Autodrive Series 1-kitti dataset search
This post about auto drive
These days I am search on the auto drive things, here is the recording of the rearch process. > 本文由中南大学较为牛逼的研究生金天同学原创,欢迎转载,但是请保留这段版权信息,如果你对文章有任何疑问,欢迎微信联系我:jintianiloveu。牛逼大神一一为你解答!
kitti Dataset Intro
kitti dataset include a lot of data, such as flow and object detection and tracking. This part mainly about object detect. First we work on the data of object tracking. This data have lots of stereo images. Lots of orginaization have benchmark on the data. My work is reimplement the benchmark source code for the dataset.

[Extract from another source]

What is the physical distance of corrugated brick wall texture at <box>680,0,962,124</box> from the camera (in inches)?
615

kitti object detection benchmark
this benchmark implement is a little difficult. First of all, we have Detection data and Ground Truth data. Detection data can be describe as follow:
Car -1 -1 2.010000 670.401855 173.185532 725.845154 198.735275 -1 -1 -1 -1 -1 -1 -1 0.99683654308319091796875000000000
every colomuns means:
#Values Name Description
----------------------------------------------------------------------------
1 frame Frame within the sequence where the object appearers
1 track id Unique tracking id of this object within this sequence
1 type Describes the type of object: 'Car', 'Van', 'Truck',
'Pedestrian', 'Person_sitting', 'Cyclist', 'Tram',
'Misc' or 'DontCare'
1 truncated Float from 0 (non-truncated) to 1 (truncated), where
truncated refers to the object leaving image boundaries.

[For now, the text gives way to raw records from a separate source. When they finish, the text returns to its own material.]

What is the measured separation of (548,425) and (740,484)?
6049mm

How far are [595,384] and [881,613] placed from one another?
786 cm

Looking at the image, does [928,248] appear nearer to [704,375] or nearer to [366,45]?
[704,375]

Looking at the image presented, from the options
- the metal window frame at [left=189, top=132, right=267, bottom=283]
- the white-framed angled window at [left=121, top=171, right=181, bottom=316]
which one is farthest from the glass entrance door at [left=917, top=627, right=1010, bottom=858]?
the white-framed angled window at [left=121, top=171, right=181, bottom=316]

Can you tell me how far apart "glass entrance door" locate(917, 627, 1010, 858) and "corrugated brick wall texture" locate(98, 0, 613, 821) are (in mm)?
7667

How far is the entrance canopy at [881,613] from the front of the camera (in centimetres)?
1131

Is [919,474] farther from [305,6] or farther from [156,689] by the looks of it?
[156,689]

Truncation 2 indicates an ignored object (in particular
in the beginning or end of a track) introduced by manual
labeling.
1 occluded Integer (0,1,2,3) indicating occlusion state:
0 = fully visible, 1 = partly occluded
2 = largely occluded, 3 = unknown
1 alpha Observation angle of object, ranging [-pi..pi]
4 bbox 2D bounding box of object in the image (0-based index):
contains left, top, right, bottom pixel coordinates
3 dimensions 3D object dimensions: height, width, length (in meters)
3 location 3D object location x,y,z in camera coordinates (in meters)
1 rotation_y Rotation ry around Y-axis in camera coordinates [-pi..pi]
1 score Only for results: Float, indicating confidence in
detection, needed for p/r curves, higher is better.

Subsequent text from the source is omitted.